SHANGHAI, May 2 (SMM) – As the third round of environmental checks in Jiangsu province progressed, steel mills that passed inspections were approved to resume regular production. Some mills remain suspended, as of Wednesday May 2, SMM learned.
The month-long inspections are expected to end on May 23. Major cities in Jiangsu such as Xuzhou, Changzhou, and Lianyungang are affected across the steel, cement, and building materials sectors.
A large-scale steel plant in Changzhou returned to operations on Tuesday May 1. However, its two blast furnaces of 1500 m3 and 1580 m3 remain under maintenance. Another blast furnace of 510 m3 is suspended for capacity replacement. This is estimated to affect output of molten iron by 10,000 mt per day. The resumption date remains unclear, but supplies from the plant will be little affected short term due to adequate stocks of finished steel products.

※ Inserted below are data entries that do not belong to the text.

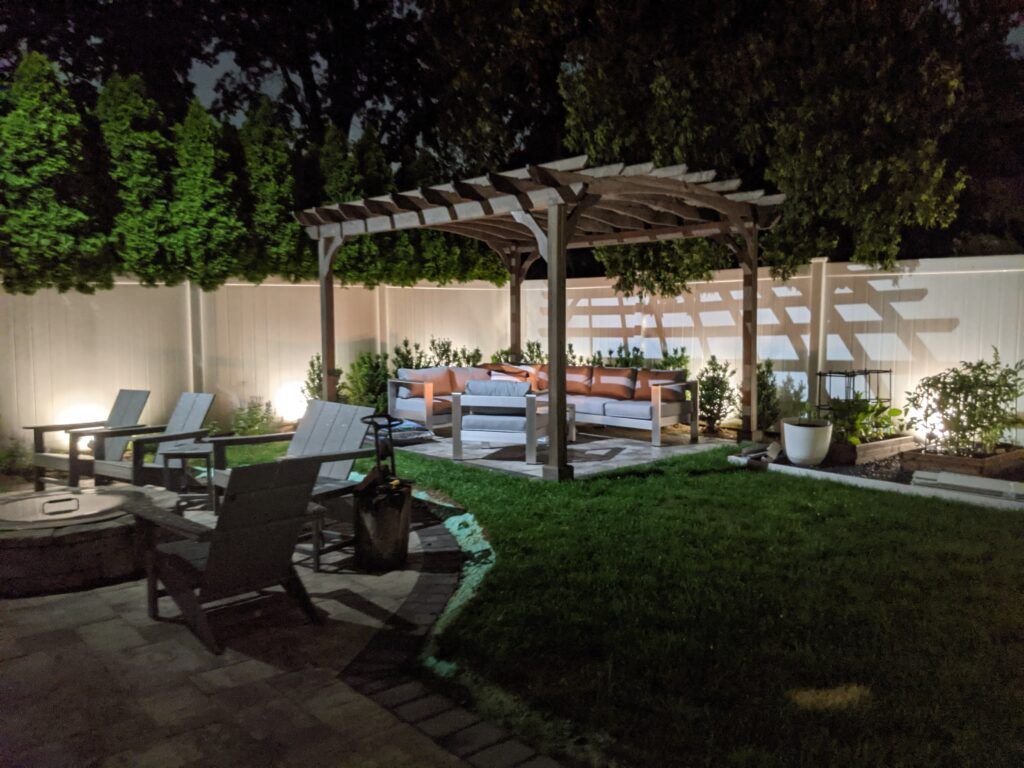 A pergola in the corner of a backyard with exterior landscape uplights along a white fence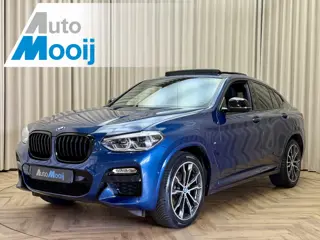 BMW X4 xDrive20i *M-Sport* Phytonicblau / Panoramadak / Leder / HUD / Stoelverwarming / Camera / 20"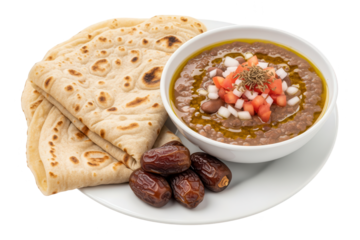 Traditional Indian lentil soup served in a white bowl topped with diced vegetables and spices, accompanied by fresh flatbread and dates on a white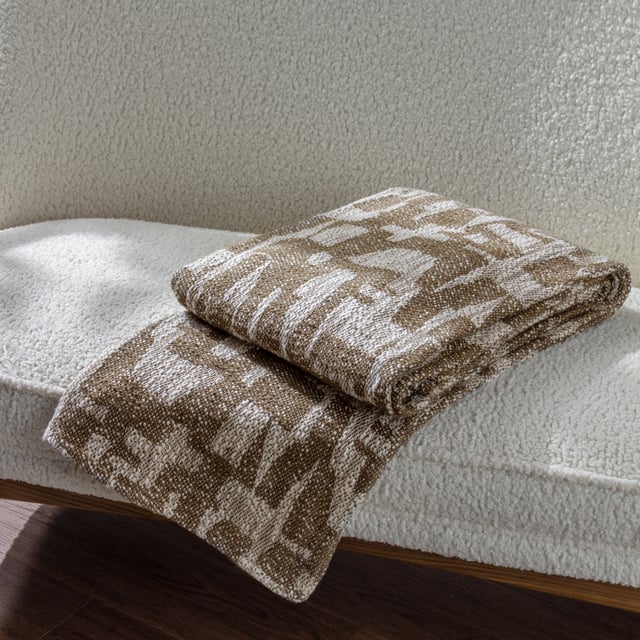 Inspired by modern and minimalist art, the Ola throw features abstract shapes on a soft handled woven jacquard base, in a range of muted earth tones. Ideal for creating a relaxed look in a modern, neutral interior.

All steel plants in Lianyungang resumed operation on May 1 after going through the environmental check, SMM learned. In major cities along the Yangtze River, there was little impact from environmental probes as only a few steel mills were required to conduct maintenance during the inspection period.
In Xuzhou, steelmakers remain under full suspension and are expected to resume operation in mid-May. Most have already completed rectifications and will resume production after checks by the environmental inspection team. Dates of the checks, originally scheduled for April 28, remain unknown.
In the spot market, rebar prices rose further after the Labour Day holiday as environmental restrictions limited supplies. As buyers hold back, SMM expects prices to edge down from highs of an average of 4,124 yuan/mt across China in the short term.
On May 2, Shanghai, Hangzhou, and Guangzhou saw an uptick in rebar prices by 80 yuan/mt to 4,080-4,280 yuan/mt, from Saturday April 28. Prices in the Fuzhou market surged by 150 yuan/mt to 4,200 yuan/mt from before the holiday. Transactions were mostly flat as buyers were deterred by higher prices while sellers, worried about the futures market, were keen to destock.